Each member of the team is so incredibly professional and respectful of the creatures that they’re making contact with. In one part of the series, Dana even performs a mini ritual where she leaves a tobacco offering to the land spirits before they proceed. For you witches who are outside of North America and unfamiliar with our spirits — tobacco and cornmeal tend to be among the traditional offerings to land spirits here. I immediately fell in love with every member of the team, not only wanting to be their friend but wanting to join in on their journey myself, which is great since most other paranormal investigation shows leave me greatly annoyed with the team.

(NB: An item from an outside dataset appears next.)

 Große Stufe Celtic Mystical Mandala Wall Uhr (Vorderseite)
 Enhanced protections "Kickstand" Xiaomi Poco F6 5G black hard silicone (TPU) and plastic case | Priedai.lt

The documentary also consists of one of the most brilliant uses of a Spirit Box I have ever seen. A Spirit Box, is a radio that’s consistently scanning through random radio stations and the idea is that it will stop for a brief moment on certain phrases of various commercials, and newscasters. The idea behind the Spirit Box is that spirits can manipulate and control the scanning of the radio to stop at certain phrases to communicate messages.
What makes their use of the Spirit Box so ingenious is their technique called the Estes Method, which was developed by Connor Randall and Karl Pfeiffer. In the Estes Method, only one person listens to the radio with sound canceling headphones and a blindfold on, while the other person asks the spirit questions. The blindfolded person has no idea what’s being said or asked, but is merely saying outloud phrases that the radio stops on. The dialogue that occurs with this method is beyond fascinating.

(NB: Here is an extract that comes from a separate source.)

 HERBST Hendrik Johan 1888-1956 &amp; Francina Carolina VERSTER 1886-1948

I don’t want to ruin too much, so I suggest you check out the series yourself:
Hellier: Episode 1 | The Midnight Children
In 2012, a paranormal writer receives a panicked email from a man named David, who claims that creatures are lurking on his property. After five years of twists, a team travels to Kentucky to find out what truly happened.
Hellier: Episode 2 | Ink and Black
As the team finally arrives in Hellier, a perusal of the case file prompts a stunning revelation that shifts the case into the realm of wider fringe phenomena.
Hellier: Episode 3 | Trapped in a Maze
The search for David deepens as the team begins their investigation of the cabin and digs into public records in the town. A call with a researcher friend confirms the team’s sense that something is paying attention to them
Hellier: Episode 4 | Slivers of the Future
The team pulls out all the stops on the David search before receiving an extraordinary greeting.
Hellier: Episode 5 | The Heart of It
The team look for answers in the abandoned tunnel before heading home, where they try to make sense of it all. But the phenomena doesn’t appear to be finished with them.
If you enjoyed the series, I highly suggest making a well-deserved donation to the creators for creating this and providing it completely free of charge. Also, don’t miss Lonnie’s interview of Connor Randall on Weird Web Radio. Now, if you’ll pardon me – I’m off to research and check out all the previous work of every investigator in this series.